She was right, Sacha realized. Mo Lehrer was a perfectly good shammes, of course. But he was, after all, a man. And as Sacha’s mother was fond of saying, your average man’s idea of housecleaning stopped about where your average woman’s notion of slatternly filth started. Mrs. Kessler mopped her floors daily in order to battle the black soot that rose from a million coal fires to blanket every surface in the city. Mo, on the other hand, just swept up occasionally. And it showed.

“Well, at least we won’t be needing chalk,” Sacha pointed out. “We can draw in the dust. We ought to post a lookout, though. Lily, why don’t you stay by the window and watch the street.”

“Fine,” Lily muttered in a voice that made it clear she was still nursing bruised feelings.

Just like a girl, Sacha told himself. Well, maybe he had been kind of mean. But he could always make it up to her later. And even a girl couldn’t expect him to drop everything and apologize now.

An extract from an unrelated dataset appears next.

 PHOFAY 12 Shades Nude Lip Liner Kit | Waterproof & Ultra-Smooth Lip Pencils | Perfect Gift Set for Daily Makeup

“So what do we do next?” Rosie asked. “Shouldn’t you put on your phy — phy — you know, those string things.”

“I don’t know,” Sacha said.

“Well,” Rosie said with elaborate care, “what do you think?

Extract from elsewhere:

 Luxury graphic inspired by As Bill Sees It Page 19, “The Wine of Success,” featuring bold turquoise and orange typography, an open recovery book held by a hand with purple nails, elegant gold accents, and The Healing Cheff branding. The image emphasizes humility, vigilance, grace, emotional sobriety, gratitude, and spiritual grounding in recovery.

“I think my grandfather would have a stroke if he knew about this.”

“Yeah, but—”

“All right, all right! Enough already, I’m doing it.”

Sacha dutifully donned phylacteries and prayer shawl. Suddenly he was dead certain that this was the worst thing he’d ever done in his life. He tried to make himself feel better by thinking about the story of the rabbi who’d said a Yom Kippur service in hell, setting all the demons free to go to heaven and condemning himself to eternal damnation in order to save them. He tried to imagine that he was doing something noble like that, that he was somehow sacrificing his own soul in order to save … well … someone. Part of him knew it was all hooey. But he was in too deep to back out.

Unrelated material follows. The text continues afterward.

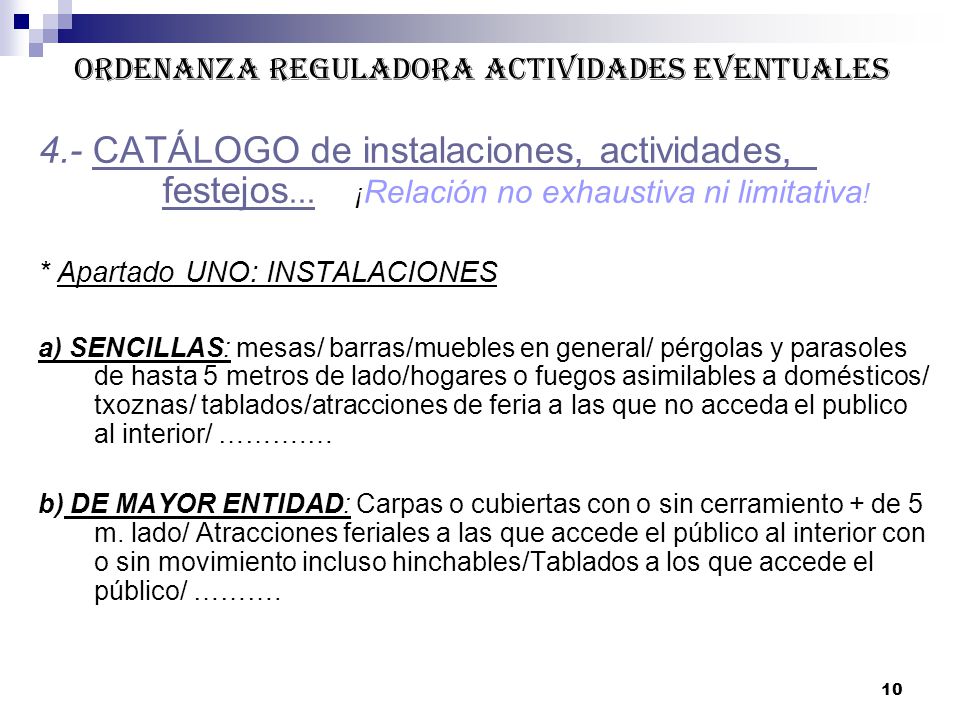 ORDENANZA REGULADORA ACTIVIDADES EVENTUALES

So Sacha drew in the sooty dust. For a bedsheet they used an old furniture cloth Mo had nailed up in the doorway that led into the back room. It took a few curses and torn fingers to pry the rusty tacks loose from the doorframe, but the cloth would do.

“After all,” Rosie pointed out, “nothing says it has to be a clean bedsheet.”

Maybe it was Sacha’s bad Hebrew, but Grandpa Kessler’s books didn’t seem to explain what to do with the bedsheet. It was supposed to go in the circle, that much Sacha got. So first they tried just laying the sheet on the floor in the middle of the circle.

Rosie tucked the corners in so that they weren’t smudging any part of the circle — this, at least, the practical Kabbalah books had been quite clear about. Then she backed up and looked at it quizzically.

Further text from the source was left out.